今夜のNECOは我が心のお姉さん・芦川いづみさんご出演の『青年の樹』。 主演は裕次郎なのだが、野郎はどうでも良いのだ。公開されたのは60年4月29日。GW作品だ。今観ると女優陣が豪華。芦川いづみさんの他、北原三枝に笹森礼子(新人!)、 やはり新人の表記ありの和田悦子もいる。裕次郎映画なのに、第一ヒロインが北原三枝ではなく芦川いづみさんなのはどうして?

 原作が石原慎太郎のせいか、ノー天気な大学生モノではなくジェット機汚職や底辺の労務者の生活苦みたいなのも出てくる。裕次郎のクラスメートの小高雄二&和田悦子はブルジョア学生。出番は少ないが親同士の決めた政略結婚をするらしい。しかしそこには悲観的な感情はない。二人とも金持ちの生活を満喫、明るく割り切っている。アメ車のオープンカーを乗りまわし、パーティをするシーンがあった。大学生モノというと、派手な遊びのシーンが多い。当時は大学進学率も低かったから誤解した若者は絶対にいたはず(断言!) 東京の大学生になれば、こんな生活が出来る。そう思った地方の若者はいただろうな。

 しかしこのアメ車は苦学生・梅野泰晴がアジ演説している横を煙を撒き散らして通り過ぎるシーンがあった。同じ学生でも全く違う生活。格差社会ってやつだ。そんな状況を挿入してみせるのは流石!

 裕次郎は大学生だが、横浜の沖仲士たちを仕切るヤクザの組長・芦田伸介の息子。敵対する組との抗争で芦田は殺される。代貸しの大坂志郎は後を継ぐ事を勧めるが、裕次郎はヤクザを嫌って組を解散。勤労学生になる。しかし組がなくなって200人の組員の多くは路頭に迷っているのを知る。窃盗未遂で捕まった者、敵対する組に虐待されながら港で働いている者。最後まで組の事務所を守っていた大坂志郎も殺され、裕次郎は殴りこんで来たヤクザと乱闘。大学はクビになる。憤慨した学生たちが講堂に集まり集会を開こうと歩き出す姿に映画の冒頭の入学式シーンで総長・滝沢修の祝辞がかぶる。

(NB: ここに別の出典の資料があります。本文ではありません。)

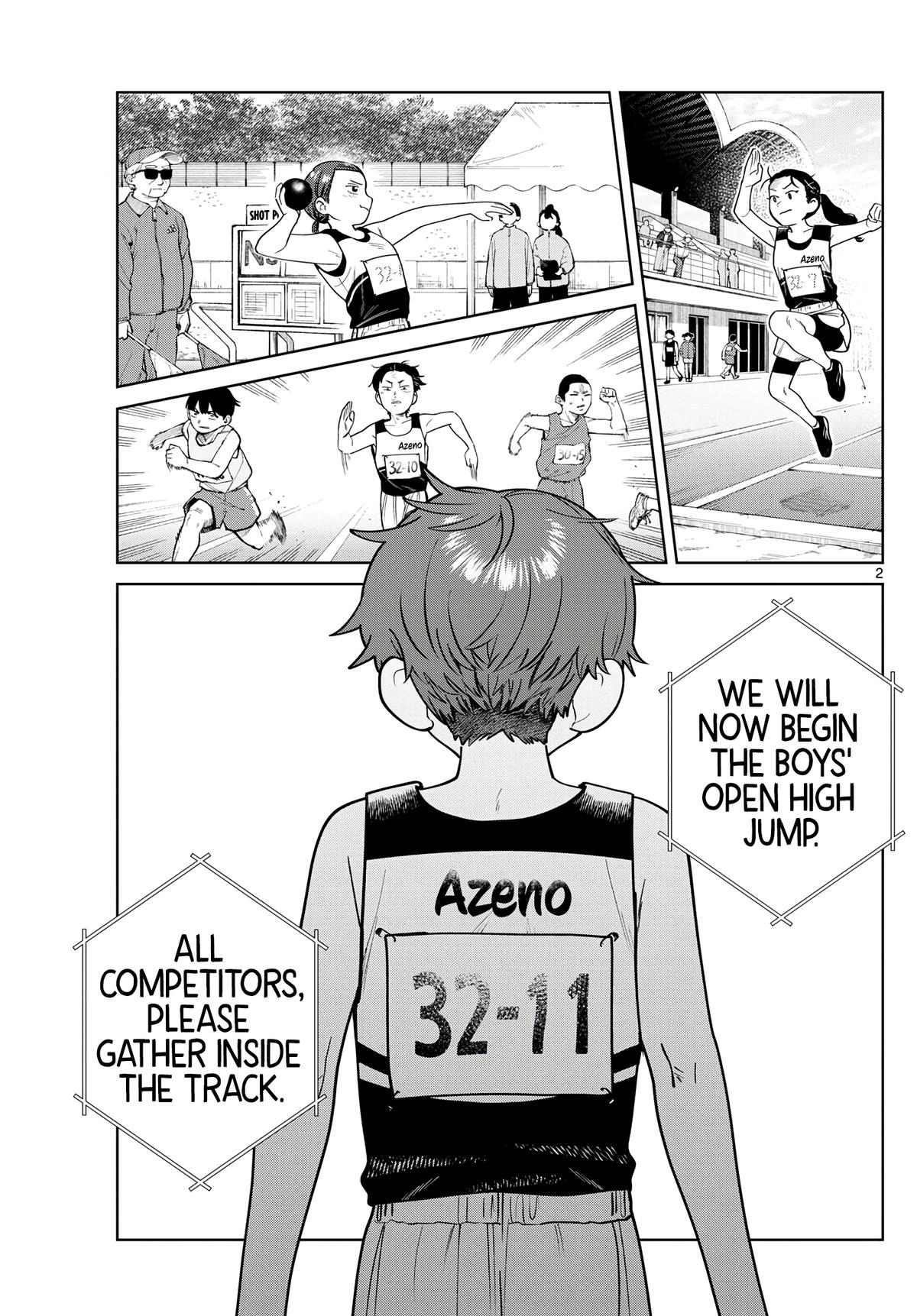 Futari Bus Chapter 16 2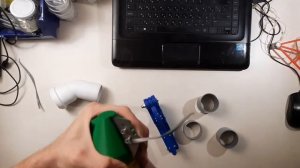 Труборез для канализации на 3д принтере. Достойный аналог RIDGID?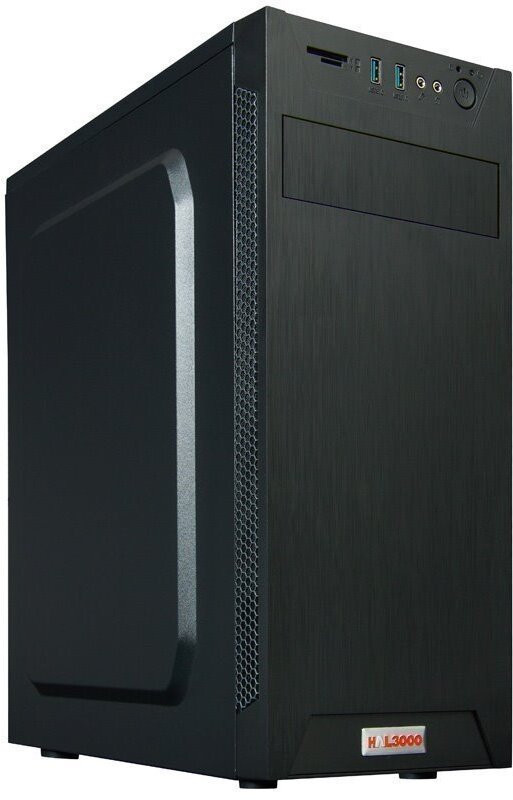 HAL3000 EliteWork 124 (AMD Ryzen 5 8600G), černá - PCHS2701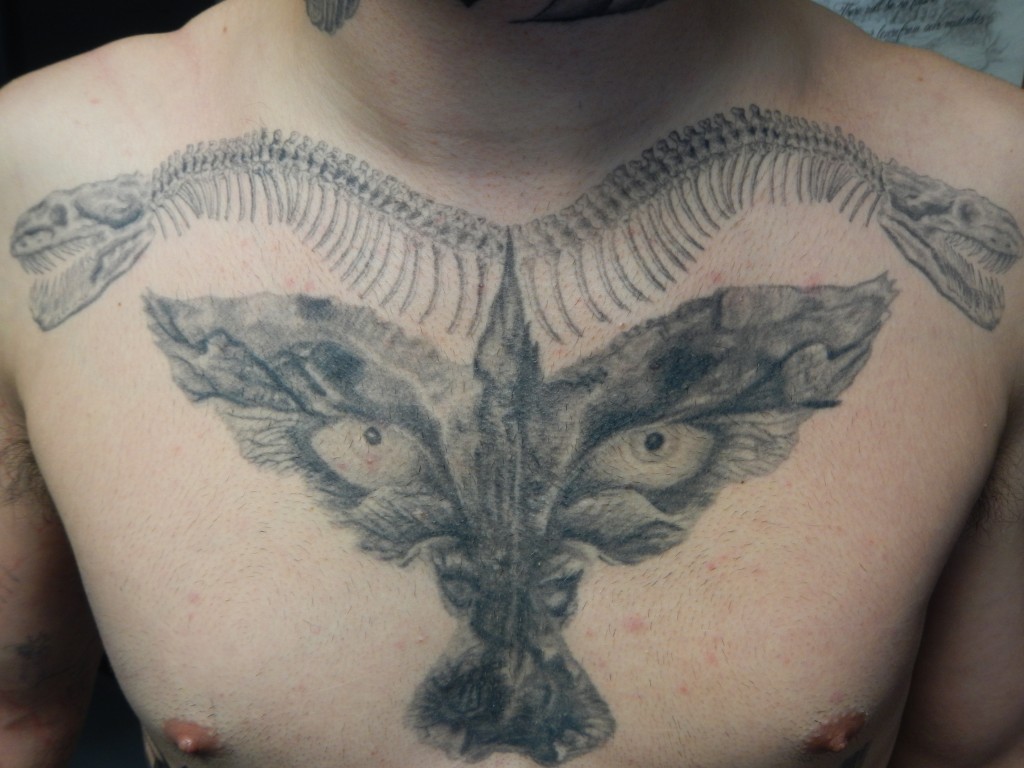 tattoo biomecanique quebec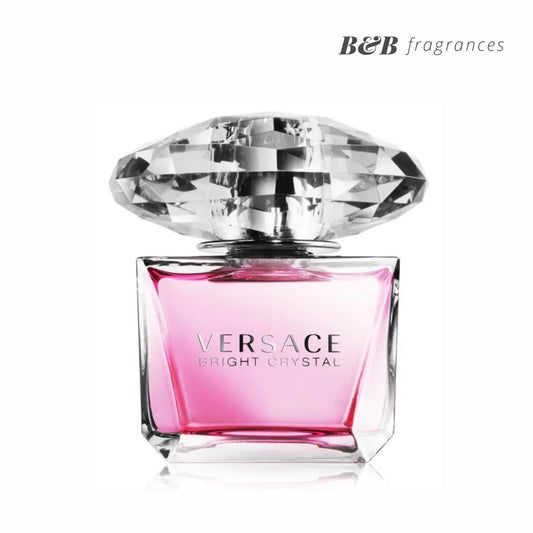 Versace Bright Crystal Eau De Toilette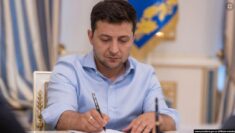 Zełenski o perspektywie Ukrainy w NATO: „Nie możemy czekać 50 lat, chcemy wejść w 2022 roku”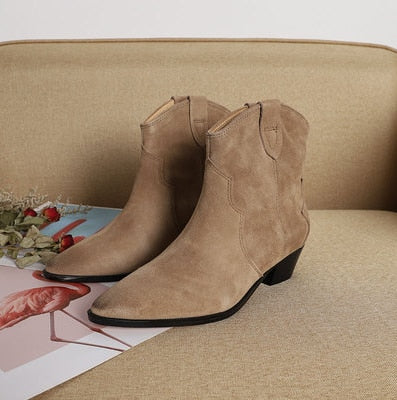Botas Cowboy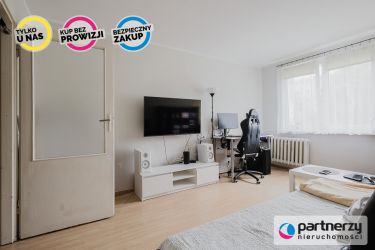Gdańsk Żabianka, 470 000 zł, 31.85 m2, z miejscem parkingowym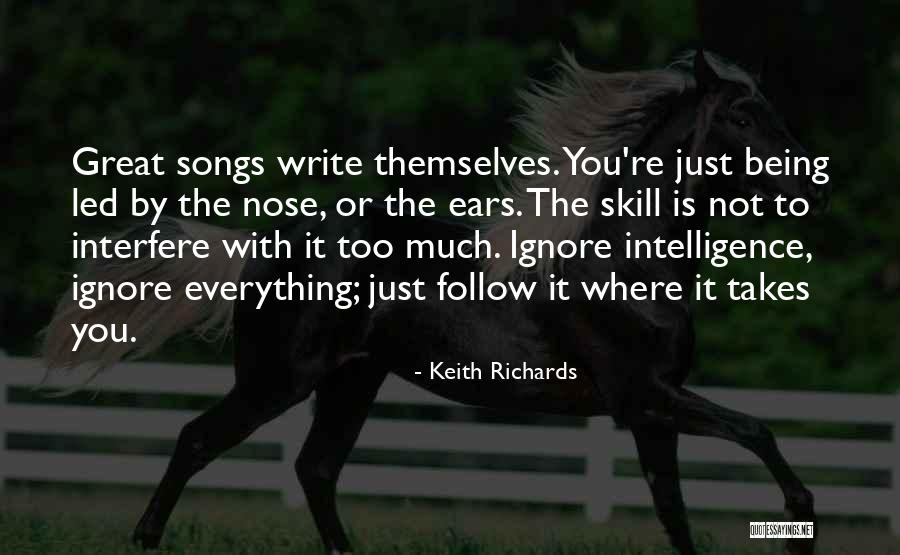 Quiddity Magazine Quotes By Keith Richards Quiddity Magazine Quotes By Keith Richards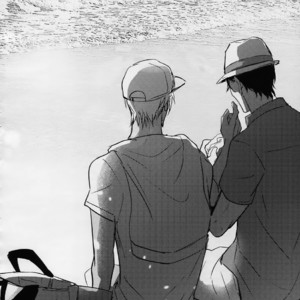 [KUROQUIS (Kuro)] PETTY JINX – Detective Conan dj [JP] – Gay Manga sex 56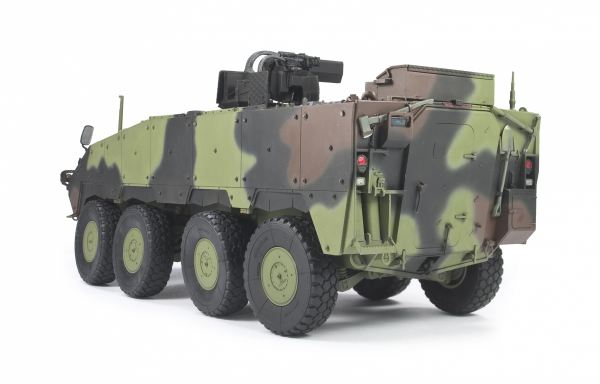 AFV Club 35S88 CM-33 TIFV Pre-Serial Production 1/35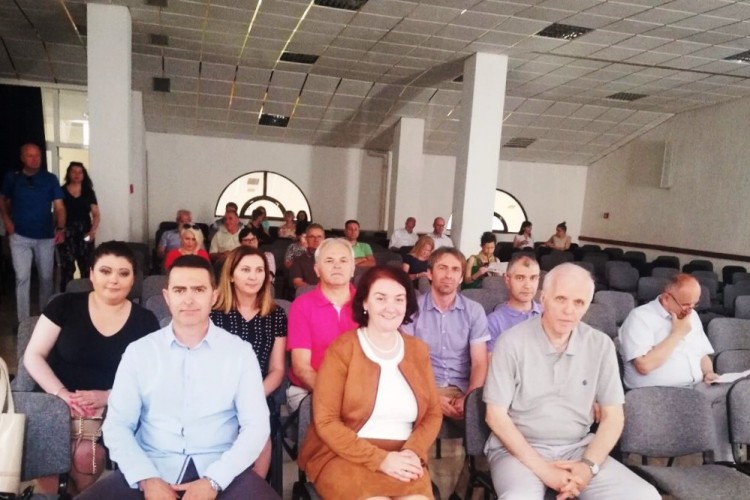 OFFICIALS OF BIH PROSECUTOR’S OFFICE PARTICIPATE AT 18TH CRIMINAL LAW COUNSELLING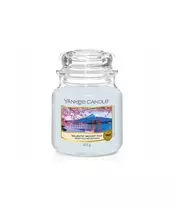 Yankee Candle - Majestic Mount Fuji Medium Jar (65-75 Hours)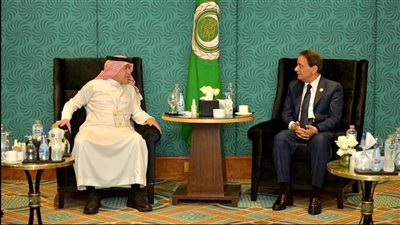 رئيس الأعلى للإعلام يلتقي وفد وكالات الأنباء العربية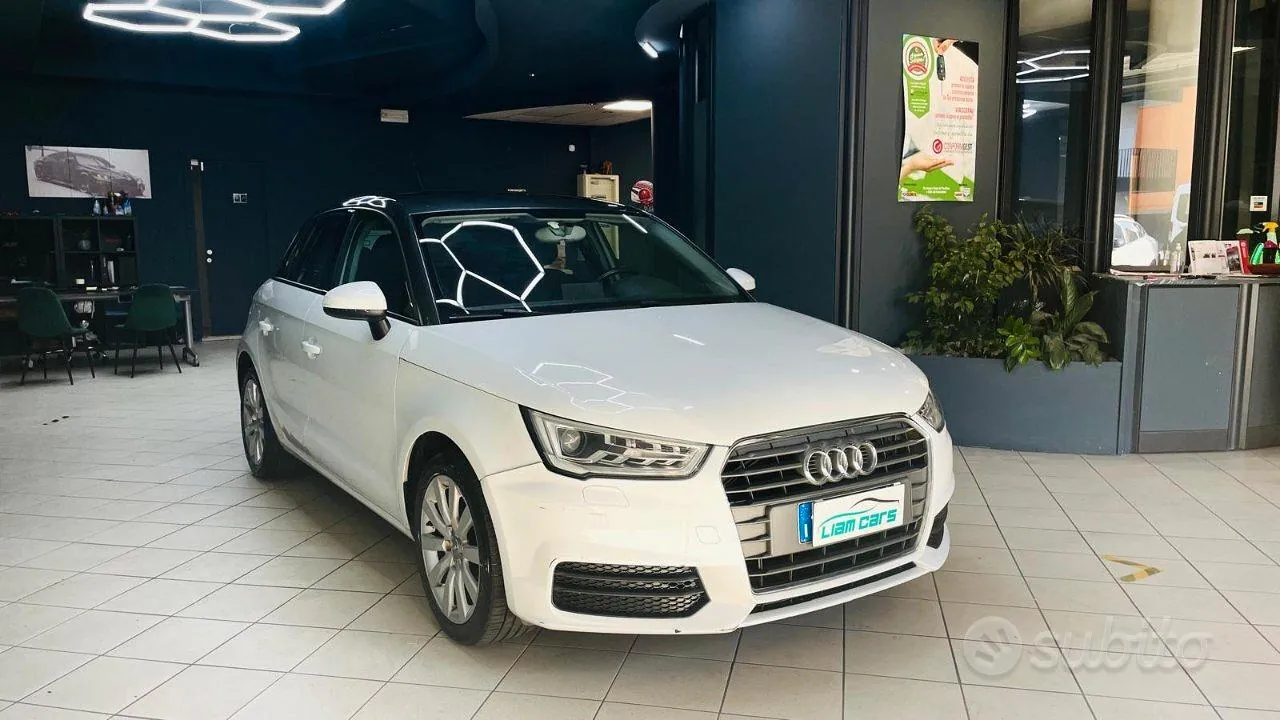 Audi A1 2018 photo 3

「青年!・・・・・戦え、挑め、そして逃げるな。それでもし傷つく事があれば、それこそ諸君が真の青年である証である。敗れる事は恥ではない。闘争こそが青年の持ちうる誇りと純潔である。律儀な好青年であるよりは、自分に誠実な法楽こそが青年の本当の姿というものである。」

 この台詞は原作にあるの? スゴイね、慎太郎。さすがは一ツ橋の秀才だ(オイラにとっては耳の痛い台詞)。

 結局裕次郎は組を再建する事を決める。それなら最初から解散する事はなかったのだ。映画の中盤で、大坂志郎の止めるのも聞かずにいきなり解散宣言してしまう。おいおい200人の組員はどうするんだよ。いきなり失業者だ。これでは流行の派遣切りと同じじゃねえか。

 いろいろ考えてしまうこの作品だが、GW作品らしく顔ぶれも豪華。この作品の笹森礼子はルリ子しゃんに似ている。美人!! もっと活躍して欲しかった一人。毎度の事だが、芦川いづみさんには見とれてしまう。こんなキレイなお姉さんに構って欲しい(オイオイ)。